Note that the multidisciplinary analysis is made at each optimization iteration.

Parameters:
  • disciplines (list[MDODiscipline]) – The disciplines.

  • objective_name (str) – The name(s) of the discipline output(s) used as objective. If multiple names are passed, the objective will be a vector.

  • design_space (DesignSpace) – The design space.

  • maximize_objective (bool) –

    Whether to maximize the objective.

    By default it is set to False.

  • grammar_type (MDODiscipline.GrammarType) –

    The type of the input and output grammars.

    By default it is set to “JSONGrammar”.

  • main_mda_name (str) –

    The name of the class used for the main MDA, typically the MDAChain, but one can force to use MDAGaussSeidel for instance.

    By default it is set to “MDAChain”.

  • inner_mda_name (str) –

    The name of the class used for the inner-MDA of the main MDA, if any; typically when the main MDA is an MDAChain.

    By default it is set to “MDAJacobi”.

  • **main_mda_options (Any) – The options of the main MDA, which may include those of the inner-MDA.

classmethod get_default_sub_option_values(**options)[source]

Return the default values of the sub-options of the formulation.

When some options of the formulation depend on higher level options, the default values of these sub-options may be obtained here, mainly for use in the API.

Parameters:

**options (str) – The options required to deduce the sub-options grammar.

Returns:

Either None or the sub-options default values.

Return type:

dict

get_expected_dataflow()[source]

Get the expected data exchange sequence.

This method is used for the XDSM representation and can be overloaded by subclasses.

Returns:

The expected sequence of data exchange where the i-th item is described by the starting discipline, the ending discipline and the coupling variables.

Return type:

list[tuple[MDODiscipline, MDODiscipline, list[str]]]

get_expected_workflow()[source]

Get the expected sequence of execution of the disciplines.

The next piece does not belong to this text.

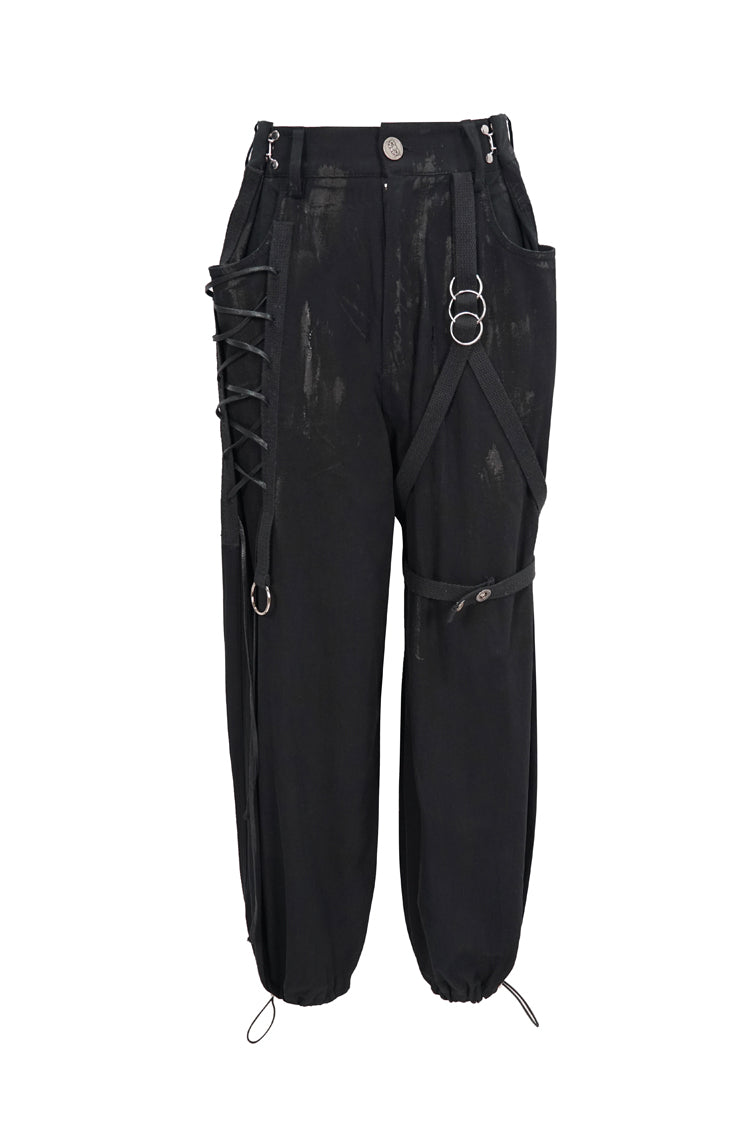 Black Irregular Print Single Side Frenulum Ring Legs Drawstring Closing Women's Punk Pants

This method is used for the XDSM representation and can be overloaded by subclasses.

For instance:

  • [A, B] denotes the execution of A, then the execution of B

  • (A, B) denotes the concurrent execution of A and B

  • [A, (B, C), D] denotes the execution of A, then the concurrent execution of B and C, then the execution of D.

Returns:

A sequence of elements which are either an ExecutionSequence or a tuple of ExecutionSequence for concurrent execution.

Return type:

list[ExecutionSequence, tuple[ExecutionSequence]]

classmethod get_sub_options_grammar(**options)[source]

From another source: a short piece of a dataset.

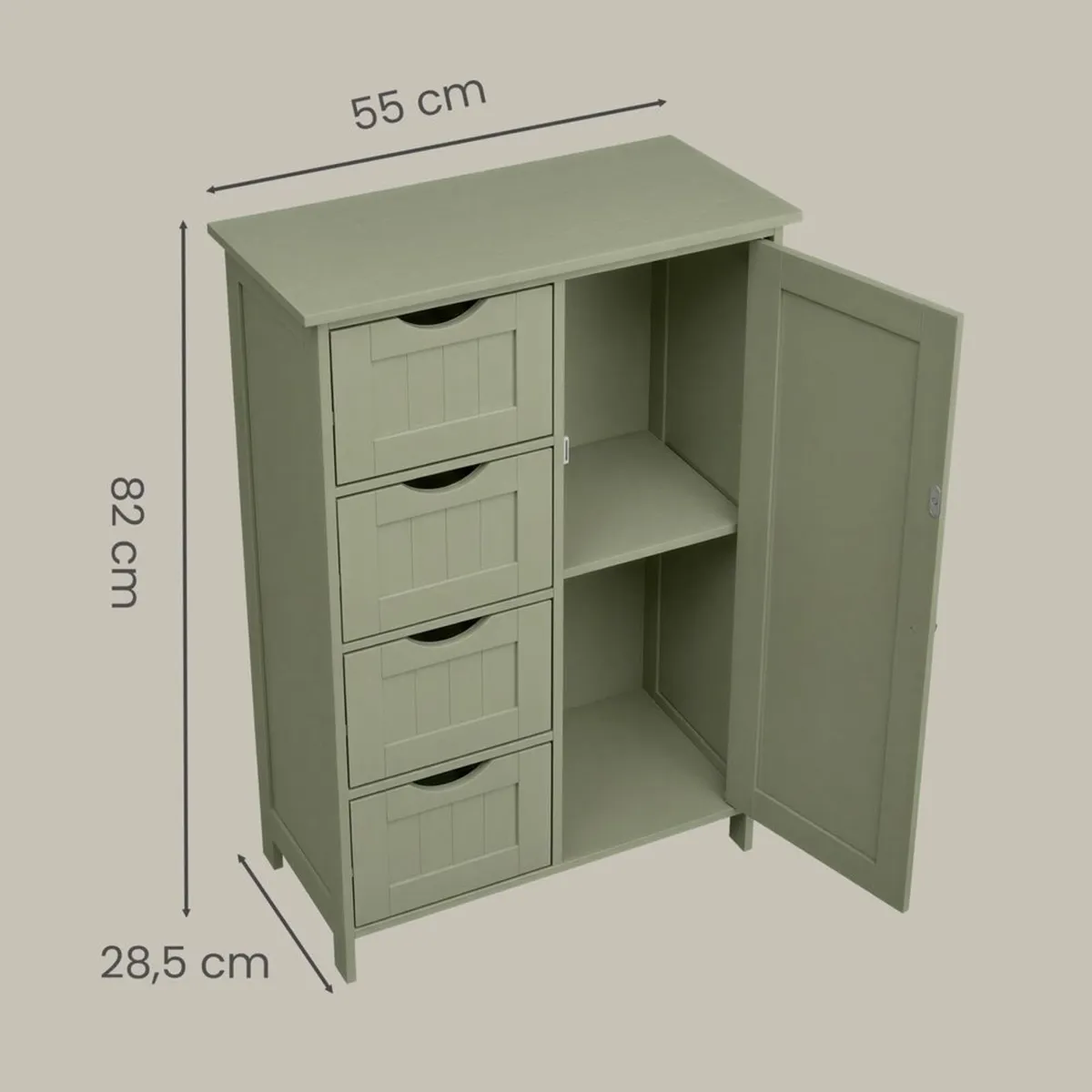 Bathroom Storage Cabinet with Drawers Muted Sage G - Image 3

Get the sub-options grammar.

When some options of the formulation depend on higher level options, the schema of the sub-options may be obtained here, mainly for use in the API.

Parameters:

**options (str) – The options required to deduce the sub-options grammar.

Returns:

Either None or the sub-options grammar.

Return type:

JSONGrammar

get_top_level_disc()[source]

Return the disciplines which inputs are required to run the scenario.

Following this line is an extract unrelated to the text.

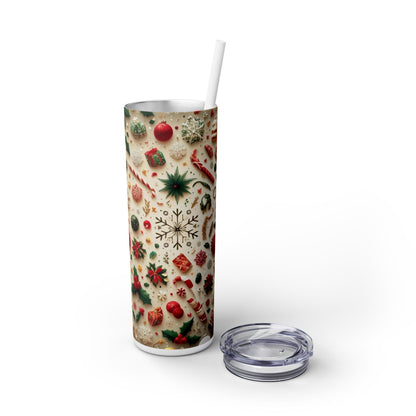 Christmas Magic - Snowflake Pattern 20oz Slim Tumbler (With Straw)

A formulation seeks to compute the objective and constraints from the input variables. It structures the optimization problem into multiple levels of disciplines. The disciplines directly depending on these inputs are called top level disciplines.

By default, this method returns all disciplines. This method can be overloaded by subclasses.

Returns:

The top level disciplines.

Return type:

list[MDODiscipline]

DEFAULT_INNER_MDA_NAME: Final[str] = 'MDAJacobi'

The default name of the inner MDA.

DEFAULT_MAIN_MDA_NAME: Final[str] = 'MDAChain'

The default name of the main MDA.

mda: MDA

The MDA used in the formulation.

opt_problem: OptimizationProblem

The optimization problem generated by the formulation from the disciplines.